What you should do:
Within the data that follows, how many lines contain the word "comments"? Reply with only the number.

Input records:

····················

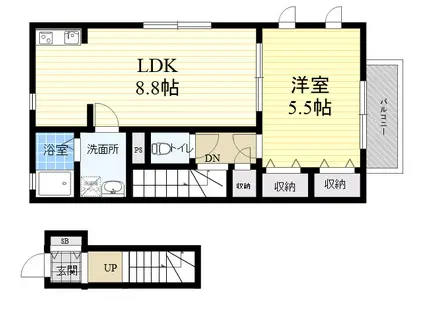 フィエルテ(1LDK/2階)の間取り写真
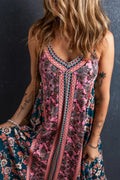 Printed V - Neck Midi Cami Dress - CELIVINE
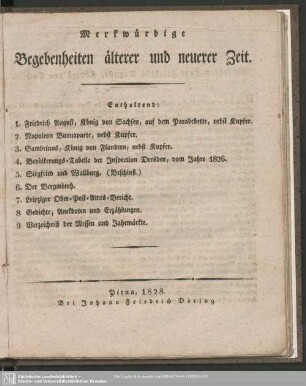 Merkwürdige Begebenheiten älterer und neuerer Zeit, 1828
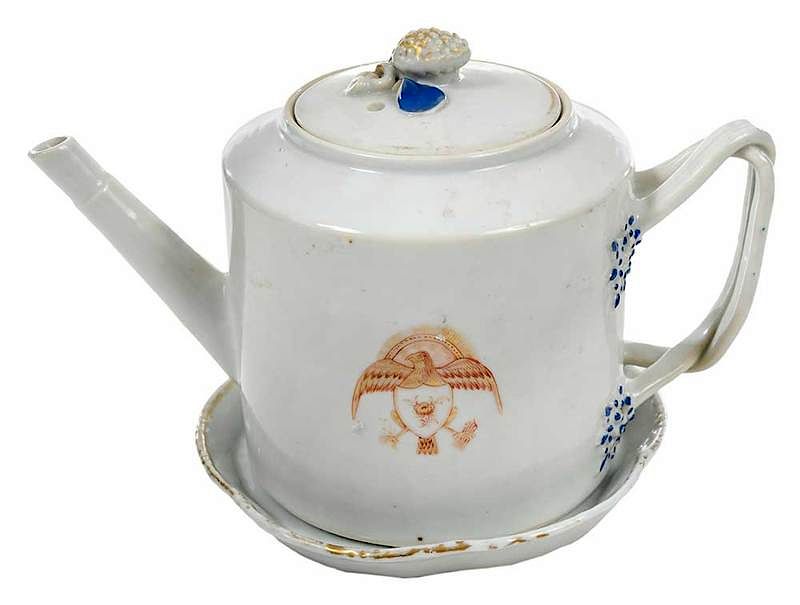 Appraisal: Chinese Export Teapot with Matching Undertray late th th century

····················

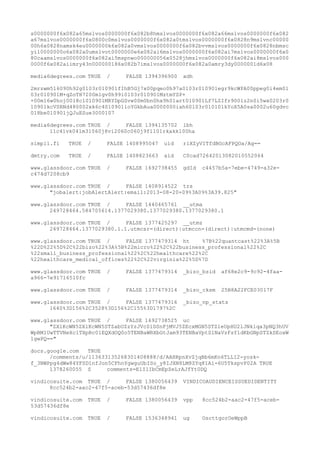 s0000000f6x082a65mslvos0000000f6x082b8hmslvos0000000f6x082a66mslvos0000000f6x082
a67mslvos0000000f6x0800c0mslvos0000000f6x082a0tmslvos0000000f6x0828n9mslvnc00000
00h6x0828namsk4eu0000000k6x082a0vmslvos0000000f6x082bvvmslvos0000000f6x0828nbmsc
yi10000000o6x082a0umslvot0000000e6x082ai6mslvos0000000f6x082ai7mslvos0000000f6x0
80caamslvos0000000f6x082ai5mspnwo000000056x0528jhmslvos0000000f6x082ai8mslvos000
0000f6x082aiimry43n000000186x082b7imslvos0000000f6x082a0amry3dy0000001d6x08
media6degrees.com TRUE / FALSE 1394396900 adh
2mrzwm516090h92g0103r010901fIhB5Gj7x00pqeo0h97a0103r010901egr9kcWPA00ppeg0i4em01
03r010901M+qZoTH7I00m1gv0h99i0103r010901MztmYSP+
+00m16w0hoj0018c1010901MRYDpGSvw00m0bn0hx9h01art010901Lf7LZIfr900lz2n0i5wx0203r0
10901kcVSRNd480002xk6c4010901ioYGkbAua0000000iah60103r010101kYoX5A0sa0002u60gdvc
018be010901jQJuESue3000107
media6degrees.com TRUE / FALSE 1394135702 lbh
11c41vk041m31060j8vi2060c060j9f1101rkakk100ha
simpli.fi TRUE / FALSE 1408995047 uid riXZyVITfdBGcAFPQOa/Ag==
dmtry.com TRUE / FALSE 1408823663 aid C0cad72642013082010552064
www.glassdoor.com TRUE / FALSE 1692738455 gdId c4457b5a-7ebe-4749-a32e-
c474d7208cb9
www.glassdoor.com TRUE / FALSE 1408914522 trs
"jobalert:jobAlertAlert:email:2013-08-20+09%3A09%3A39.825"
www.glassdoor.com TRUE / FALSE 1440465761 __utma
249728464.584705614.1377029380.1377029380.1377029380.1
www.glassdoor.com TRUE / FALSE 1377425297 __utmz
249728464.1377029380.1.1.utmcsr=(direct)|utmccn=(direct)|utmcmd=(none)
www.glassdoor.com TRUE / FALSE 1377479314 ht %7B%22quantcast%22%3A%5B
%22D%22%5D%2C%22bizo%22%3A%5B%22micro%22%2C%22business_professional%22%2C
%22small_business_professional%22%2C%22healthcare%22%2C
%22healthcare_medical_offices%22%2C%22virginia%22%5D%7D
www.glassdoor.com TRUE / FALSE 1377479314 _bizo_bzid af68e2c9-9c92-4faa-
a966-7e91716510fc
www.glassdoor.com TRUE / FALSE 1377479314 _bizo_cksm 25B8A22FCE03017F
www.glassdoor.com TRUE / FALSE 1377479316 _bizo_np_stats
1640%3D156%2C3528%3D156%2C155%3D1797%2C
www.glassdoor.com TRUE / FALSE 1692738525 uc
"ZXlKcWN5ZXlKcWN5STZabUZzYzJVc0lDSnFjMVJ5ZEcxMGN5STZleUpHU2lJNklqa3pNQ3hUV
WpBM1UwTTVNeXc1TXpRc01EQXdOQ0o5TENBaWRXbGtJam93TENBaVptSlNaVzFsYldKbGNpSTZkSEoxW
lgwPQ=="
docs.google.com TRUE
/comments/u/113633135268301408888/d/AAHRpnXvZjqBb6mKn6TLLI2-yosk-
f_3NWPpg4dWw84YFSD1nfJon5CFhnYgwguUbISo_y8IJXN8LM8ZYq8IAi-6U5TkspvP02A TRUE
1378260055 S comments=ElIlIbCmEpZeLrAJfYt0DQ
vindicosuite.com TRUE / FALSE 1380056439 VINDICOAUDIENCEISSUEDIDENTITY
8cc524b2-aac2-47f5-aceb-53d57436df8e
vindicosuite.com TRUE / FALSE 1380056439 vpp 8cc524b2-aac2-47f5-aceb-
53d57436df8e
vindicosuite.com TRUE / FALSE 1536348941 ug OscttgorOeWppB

····················

Output below:
2